Aan de Voorzitter van de Tweede Kamer der Staten-Generaal
Den Haag, 13 februari 2017
Tijdens de begrotingbehandeling van 10 november jongstleden (Handelingen II 2016/17, nr. 21, item 6) hebben de leden Keijzer en Potters een motie ingediend waarin is aangegeven dat er bij faillissement en bij stichtingen een civielrechtelijk bestuursverbod kan worden opgelegd en dat zij van mening zijn dat dit ook moet gelden voor disfunctionerende bestuurders in de ouderenzorg, gehandicaptenzorg, jeugdzorg en ggz en verzoekt de regering, een overeenkomstige wetswijziging voor te bereiden1. Deze motie is aangehouden nadat ik heb aangegeven dat er al het nodige is gebeurd om de kwaliteit van het bestuur in de zorg te verbeteren en heb toegezegd hierover een brief te sturen. Met deze brief doe ik gestand aan deze toezegging.
Naar mijn mening zijn er voldoende mogelijkheden voor het interne toezicht, het externe toezicht en in het strafrecht en civiel recht om slecht bestuur aan te pakken. Van belang is wel dat iedereen ook van zijn rechten en bevoegdheden gebruik maakt wanneer dat nodig is.
Met name voor raden van toezicht liggen hier nog kansen. Deze kansen liggen ten eerste aan de «zachte kant» zoals het positief kritisch volgen van het bestuur in al zijn aspecten en het aansporen tot accreditatie van hun bestuurders. In de tweede plaats zijn er ook kansen aan de «harde kant», namelijk het ontslaan van een bestuurder die niet goed functioneert.
Ik zie in de praktijk dat raden van toezicht in wisselende mate gebruik maken van hun bevoegdheden en soms wat aarzelend zijn als een bestuurder blijvend onder de maat presteert. Dat laatste is een kwestie van cultuurverandering. Dat is lastig te beïnvloeden vanuit de politiek, maar wel van belang om ook echte bestendige kwaliteitsverbetering te bereiken. In deze brief zal ik behalve op hetgeen binnen de sector zelf wordt ondernomen allereerst stilstaan bij de mogelijkheden die de wet biedt om disfunctionerende bestuurders aan te pakken.
Het bestuursverbod voor stichtingsbestuurders
In de zorg, zeker in de ouderenzorg en de gehandicaptenzorg, is het merendeel van de zorginstellingen georganiseerd in de vorm van een stichting.
Een van de belangrijkste verschillen tussen de stichting en de andere privaatrechtelijke rechtspersonen die in Boek 2 van het Burgerlijk Wetboek zijn geregeld, is dat de stichting geen algemene vergadering heeft.

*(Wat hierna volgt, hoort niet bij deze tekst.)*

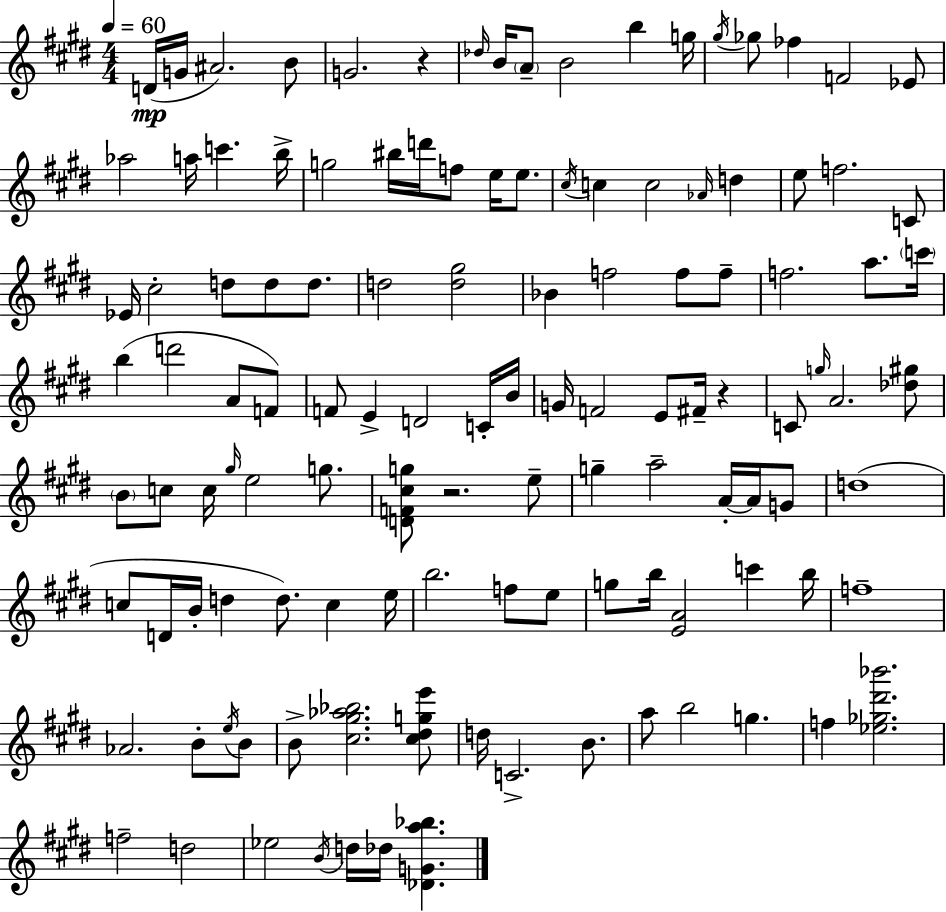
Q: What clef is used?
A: treble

Er is slechts een bestuur vereist. Ten overvloede, zorgstichtingen die een WTZi-toelating hebben dienen uiteraard wel een raad van toezicht in te stellen. Het machtsevenwicht dat een een algemene vergadering biedt wordt bij de stichting dus gemist. De wetgever heeft daarom de rechtbank een aantal bevoegdheden verleend, zoals de bevoegdheid om op vordering van een belanghebbende (denk aan de cliëntenraad of vertegenwoordiging van het personeel) of het Openbaar Ministerie een bestuurder te ontslaan. Indien de rechter een bestuurder van een stichting ontslaat heeft dit mede tot gevolg dat deze bestuurder een bestuursverbod krijgt voor de periode van vijf jaar. Dat betekent dat de betreffende bestuurder überhaupt niet meer aan de slag kan als bestuurder van een stichting, ook niet buiten de zorg. De rechter ontslaat een bestuurder uiteraard niet zomaar. De onderstaande gedragingen van een bestuurder kunnen een grondslag vormen voor ontslag van de bestuurder door de rechtbank:
– De bestuurder heeft naar het oordeel van de rechter in strijd met de wet gehandeld;
– De bestuurder heeft gehandeld in strijd met de eigen statuten;
– De bestuurder heeft zich schuldig gemaakt aan wanbeheer;
– De bestuurder heeft niet voldaan aan een bevel van de voorzieningenrechter ingevolge artikel 2:297 lid 2 BW tot het geven van openheid van zaken aan het openbaar ministerie.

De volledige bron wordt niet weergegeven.